The advantages of indirect laryngoscopy are simple equipment and uncomplicated operation. The downside is that in patients with pharyngeal reflex sensitivity, thick tongue or inadequate glottic exposure, surgery can be difficult. Treatment of diseases: vocal cord nodules vocal polyps Indication Indirect laryngoscopy is available for: 1. Small benign tumors of the larynx, such as vocal polyps, vocal cord nodules, epiglottic cysts, and laryngeal papilloma. 2. Laryngeal biopsy. Contraindications 1. The pharyngeal reflex is too sensitive. 2. The lesion is located in the anterior commissure, and is difficult in indirect laryngoscopy.
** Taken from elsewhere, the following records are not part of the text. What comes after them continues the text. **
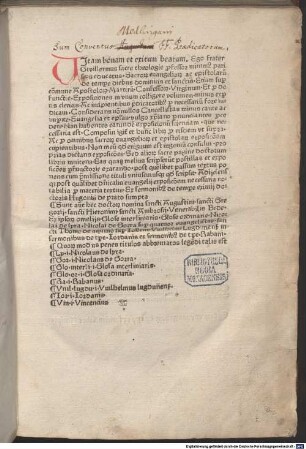 [Postilla sup[er] eua[n]gelia d[omi]nicalia, et sup[er] eua[n]gelia de sanctis s[ecundu]m sensum litteralem collecta]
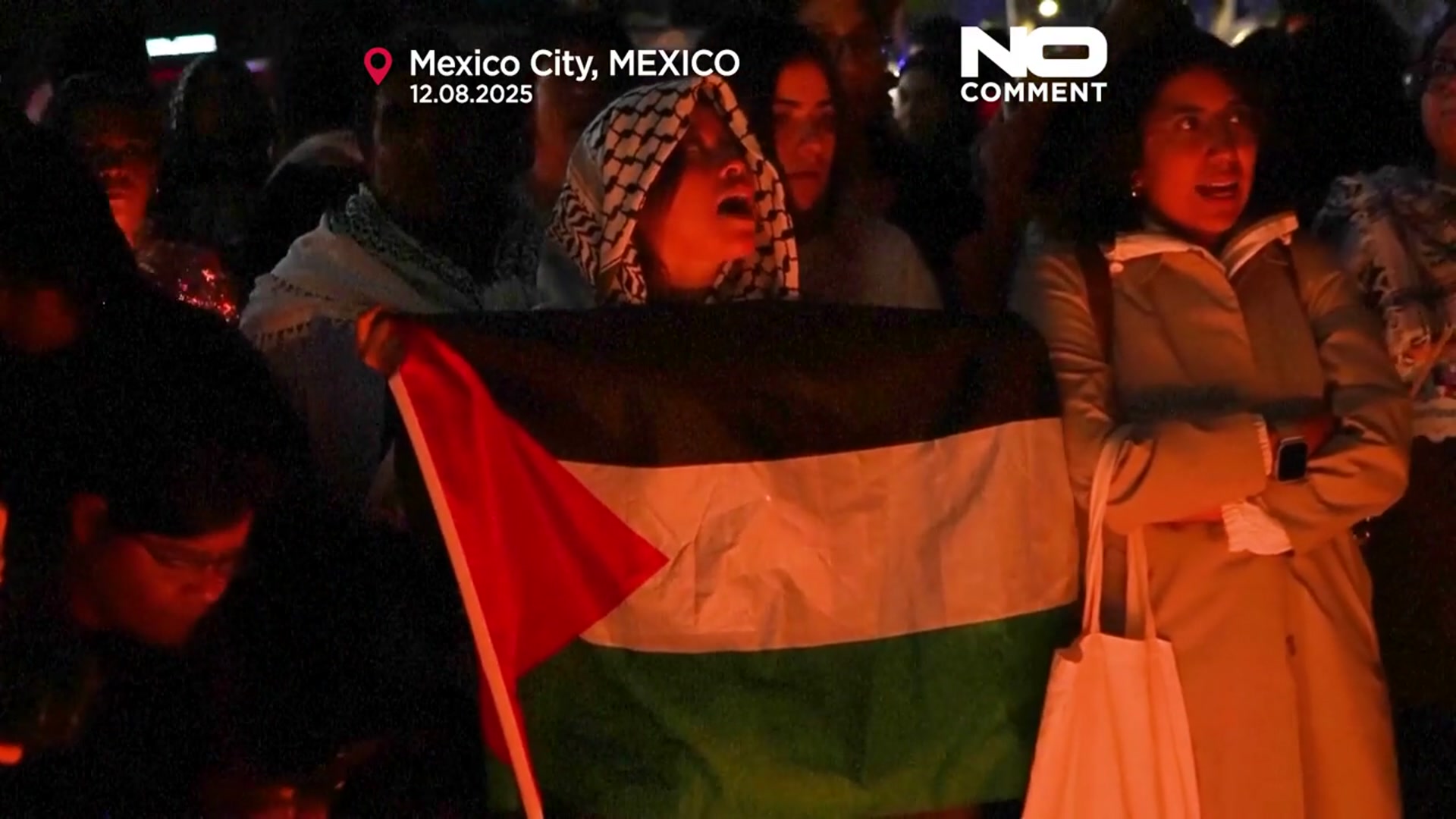 'Video thumbnail for Mexico City rally over Israeli strike that killed journalists in Gaza'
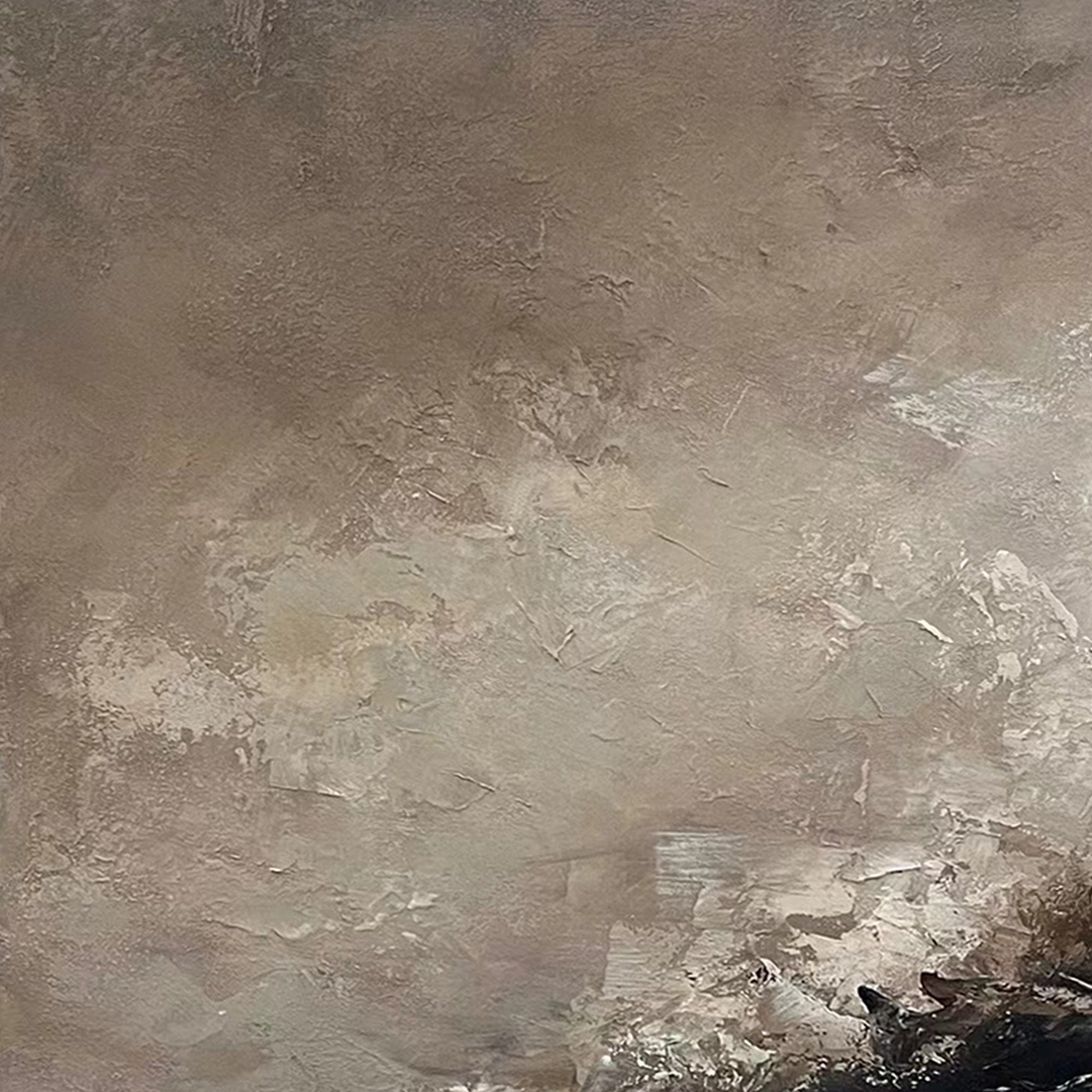 Lumi Gallery abstract Wabi-Sabi brown seascape canvas art featuring storm remnants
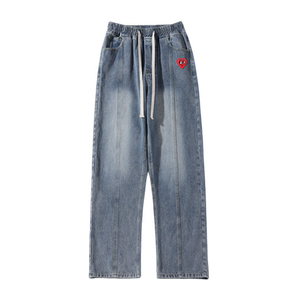 
Charles Heart Embroidered American Washed Jeans Men's Spring New Retro Loose Drawstring Straight Pants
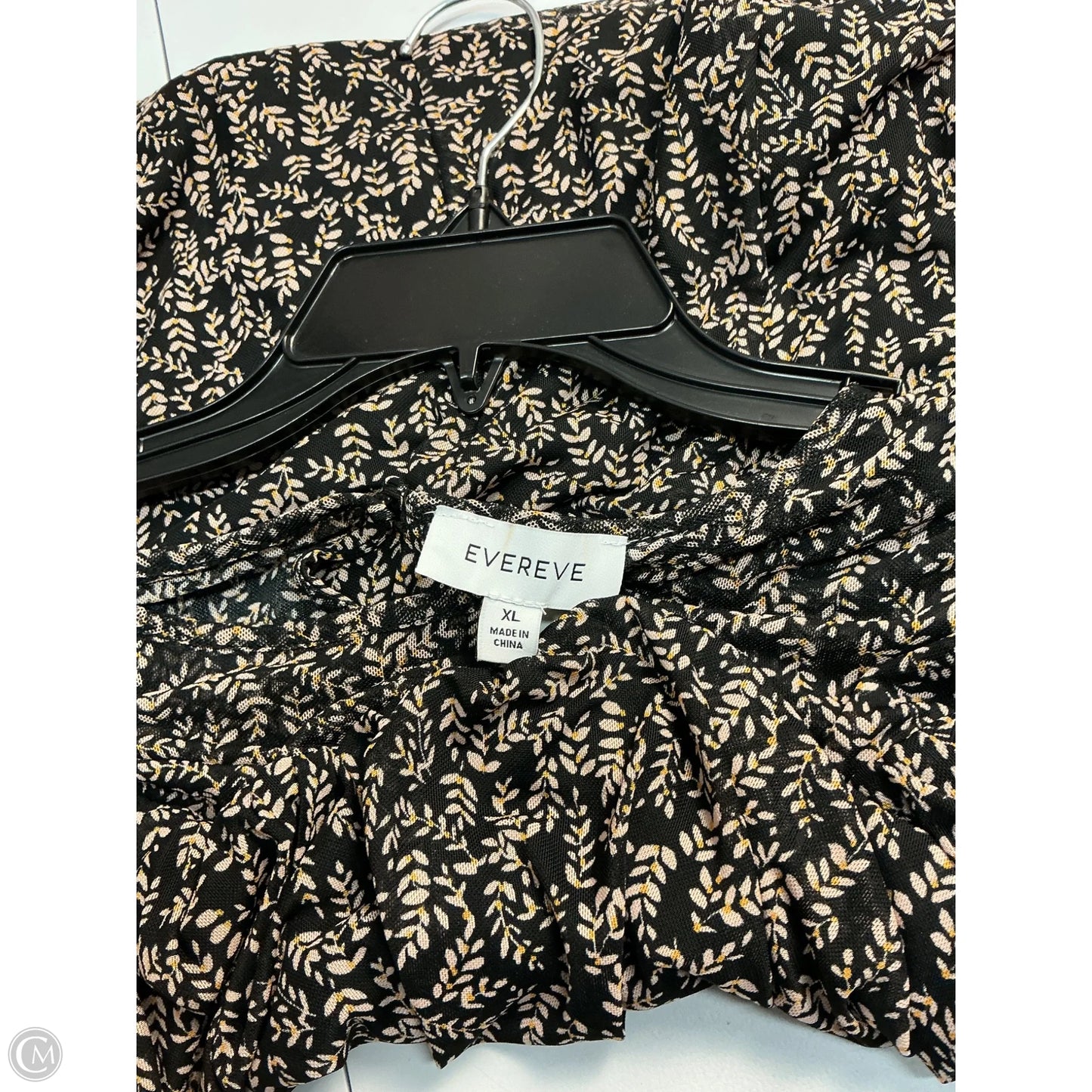 Top Short Sleeve By Evereve In Black, Size: Xl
Preoperative preparation 1. Explain the surgical procedure and cooperation method to the patient. 2. Regular fasting for 4 hours before surgery. Surgical procedure The patient sits, opens his mouth, and sticks his tongue. The paralyzed patient holds the gauze and pulls the tongue out of the mouth. The operator holds the indirect laryngoscope in one hand and the elbow in the other. The laryngeal forceps are delivered to the hypopharynx under the guidance of an indirect laryngoscope. If the lesion is in the glottic area, the throat will be pressed forward and the glottal area will be fully exposed. The direction of the opening of the forceps should be determined according to the location of the lesion. The principle should be to facilitate the removal of the lesion.